No adverse events were attributed to study treatment among 34 patients randomised. Markers of biological activity, including neutrophil and total white cell counts, C reactive protein, and IL-6 concentrations, were lower in rhIL-1ra treated patients. Among patients with cortical infarcts, clinical outcomes at 3 months in the rhIL-1ra treated group were better than in placebo treated.
These data suggest that rhIL-1ra is safe and well tolerated in acute stroke. In addition, rhIL-1ra exhibited biological activity that is relevant to the pathophysiology and clinical outcome of ischaemic stroke. Our findings identify rhIL-1ra as a potential new therapeutic agent for acute stroke.
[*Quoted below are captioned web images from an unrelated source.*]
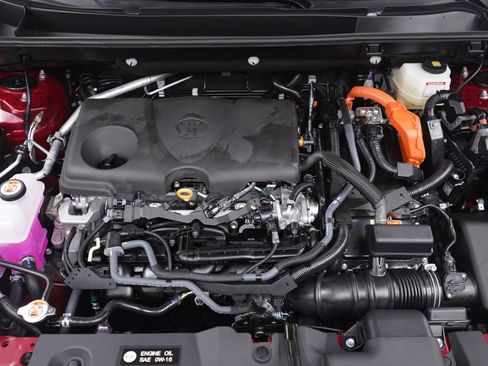 Used 2025 Toyota RAV4 XLE image 30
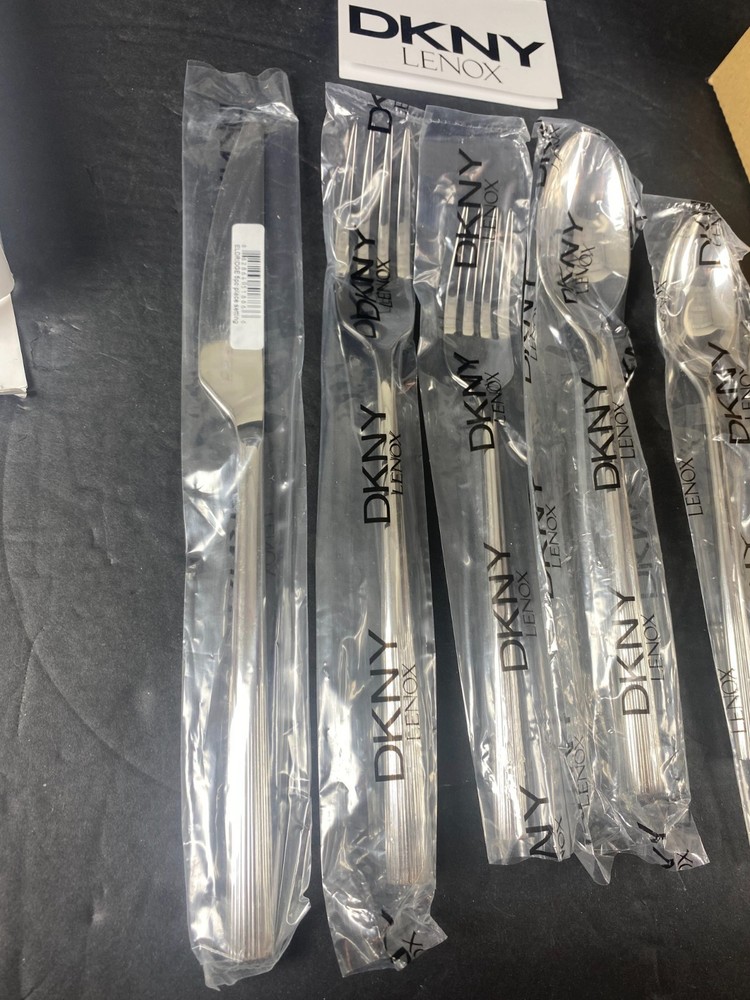 DKNY Eldridge 5-Piece Cutlery Set – Stainless Steel Flatware Silverware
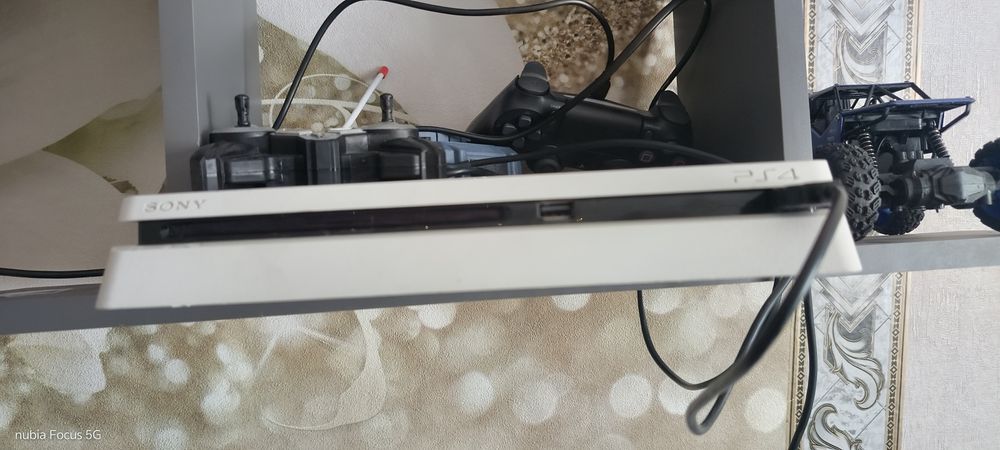 Игровая приставка PS 4 SLIM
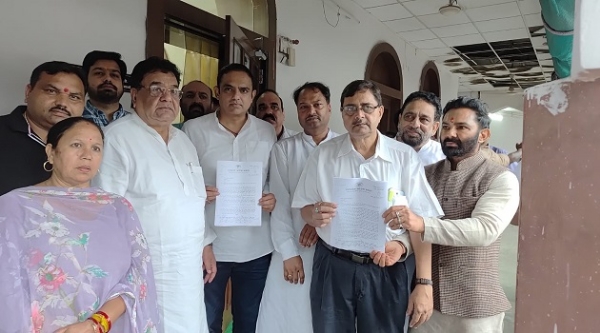 Congress memorandum to DIG for attack on Jeetu Patwari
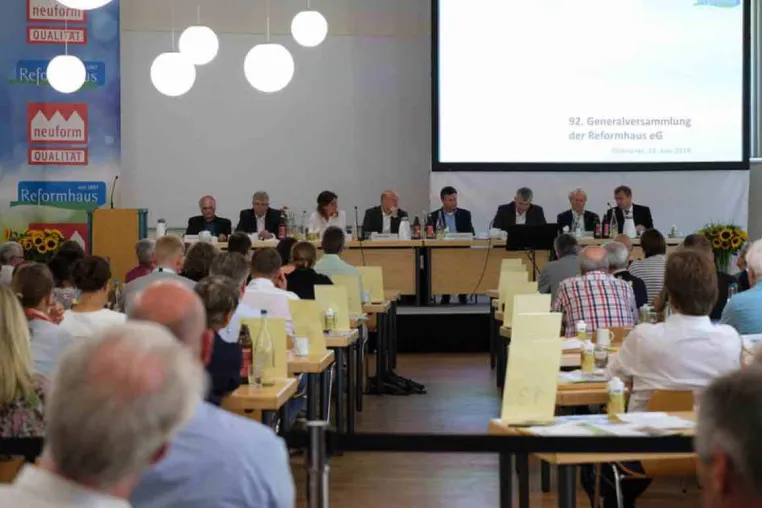 92. Generalversammlung in Oberursel: Ganzheitliche Gesundheit ist Trumpf bei Produkten und Beratung Bild: 92. Generalversammlung in Oberursel: Ganzheitliche Gesundheit ist Trumpf bei Produkten und Beratung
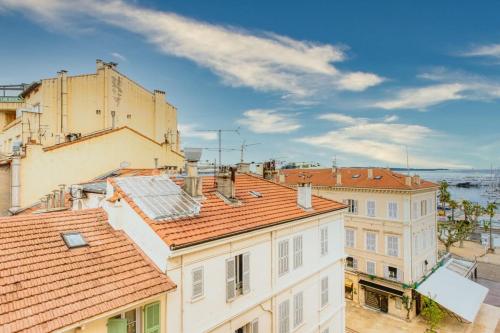 Furnished apartment 2 bedrooms in the old port district near all amenities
细胞因子白细胞介素(IL)-1介导啮齿动物的缺血性脑损伤。内源性、高度选择性的IL-1受体拮抗剂(IL-1ra)在一系列实验环境中可预防缺血性脑损伤,并且在短暂性脑缺血时经外周给药或延迟给药,IL-1ra可显著减少细胞死亡。我们在此报告重组人IL-1ra(rhIL-1ra)用于急性中风患者的首个随机、双盲、安慰剂对照试验。
急性中风症状发作6小时内的患者被随机分为rhIL-1ra组或匹配的安慰剂组。试验治疗通过静脉注射,60秒内给予100mg负荷剂量,随后72小时内以2mg/kg/h的速度输注。记录长达3个月的不良事件和严重不良事件,在长达3个月的时间内采集系列血样检测生物标志物,并通过计算机断层扫描测量5 - 7天的脑梗死体积。
随机分组的34例患者中,未发现不良事件归因于研究治疗。rhIL-1ra治疗的患者中,包括中性粒细胞和总白细胞计数、C反应蛋白以及IL-6浓度在内的生物活性标志物较低。在皮质梗死患者中,rhIL-1ra治疗组3个月时的临床结局优于安慰剂治疗组。
这些数据表明rhIL-1ra在急性中风中安全且耐受性良好。此外,rhIL-1ra表现出与缺血性中风的病理生理学和临床结局相关的生物活性。我们的研究结果表明rhIL-1ra是急性中风潜在的新型治疗药物。